Business IT - Technology



"We have had the [IP telephony] solution in for...almost two years now and we're probably at a point where we can start to tune some of that network a little bit better, but we significantly over-provisioned just to make sure hat we ended up in the right place."

However he said that this had meant that the move to VoIP had not produced significant cost savings. "Looking at cost savings, on the network side we probably didn't achieve any dramatic cost savings in the first tranche, we will over time, but we took a cautious approach to begin with."

Another member of the panel Robbie Kruger, CTO of Avaya Asia Pacific, cautioned against simply over provisioning, describing it as  "a short-term view," and saying that companies needed continuous proactive management of their networks to ensure that voice and other applications performed adequately at all times.

"I'd start working on a proactive management project straight away because you could come in tomorrow and  find people using applications that are very high band-width intensive and it can actually clog your network up quite quickly."

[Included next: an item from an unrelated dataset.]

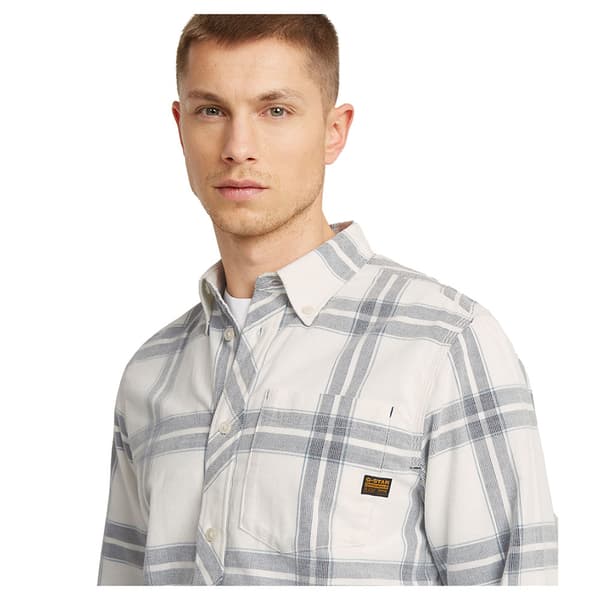 G-star One Pkt Regular Pitkähihainen Kauluspaita Valkoinen 2XL Mies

Barkley added that, without this knowledge, enterprises could not be sure what applications were running on their network. "Can anybody [in the audience] guarantee that there aren't people in their office running Skype?" One hand was raised, leading Kruger to comment: "Consumer grade applications like Skype, they're great. They provide free voice, fantastic, but for an enterprise what it can actually do is it can actually be, one, a security threat to your organisation because what you actually do is you set up yourself as a mini hub for other Skype users to actually use you as a means to get to other people. So if you use Skype within your office, you will actually find you're compromising your business. our voice might not be there tomorrow."